There’s a lot of cutting-edge tech in Eye in the Sky, but Hood has no reservations about acknowledging the film will very quickly be out of date. Aside from the Reaper piloted by Watts, there’s a hummingbird drone—based on an actual piece of hardware—that does reconnaissance outside of a house, and an even smaller beetle drone, based on technology that has been commissioned and developed, but isn’t in the field yet.
The beetle isn’t entirely accurate, since it’s using a proprietary design based on developmental technology, but Hood spoke to the developers to find out what still needs to be worked on so Eye in the Sky could depict problems accurately. “It’s not the size of the cameras, or transmitting images, or even making something mechanical fly like an insect,” he says. “The problem is battery life. So we put that in the movie, because flight and transmitting high definition imagery sucks too much juice.”
Hood says he even had to cut back on depicting the current capabilities of these devices to help audiences process the events of the film. The beetle drone, for example, wouldn’t actually need help covertly landing inside a house. It has stereoscopic cameras that can map out a space, and then be directed to land itself to continue capturing surveillance information.

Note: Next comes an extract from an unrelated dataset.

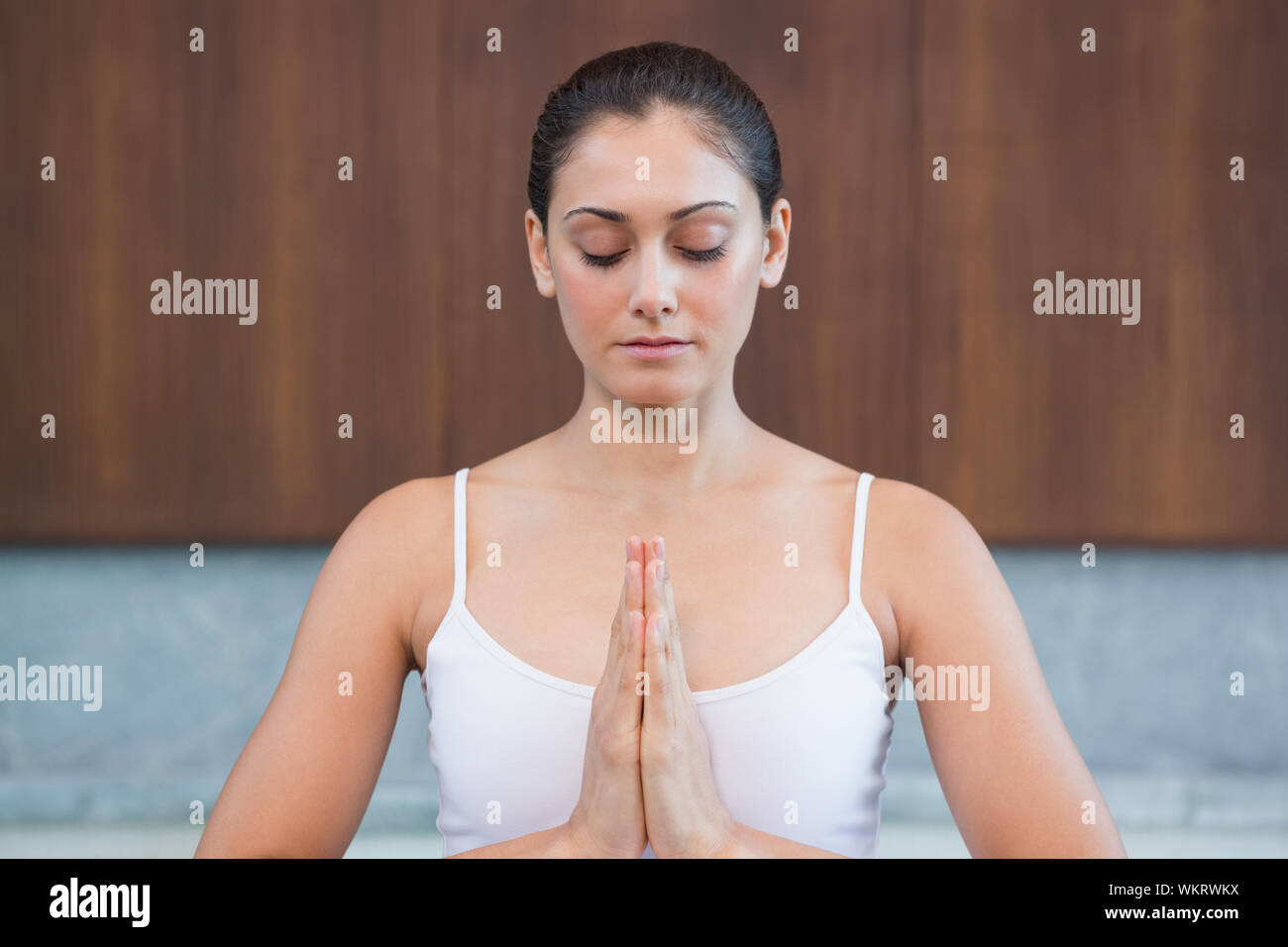 La femme en blanc assis en lotus de poser dans les health spa Banque D'Images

Even if Hood is right, and military technology makes his film feel dated within five years, Eye in the Sky is still one of the few war films attempting to depict modern warfare realistically. It’s not fetishizing spy technology, nor loudly proclaiming its pitfalls. And yes, ambiguity can be frustrating to watch, but shouldn’t it be? Nothing about drone war is simple, and being baffled by its problems is the point of Eye in the Sky—even if it is just political theater.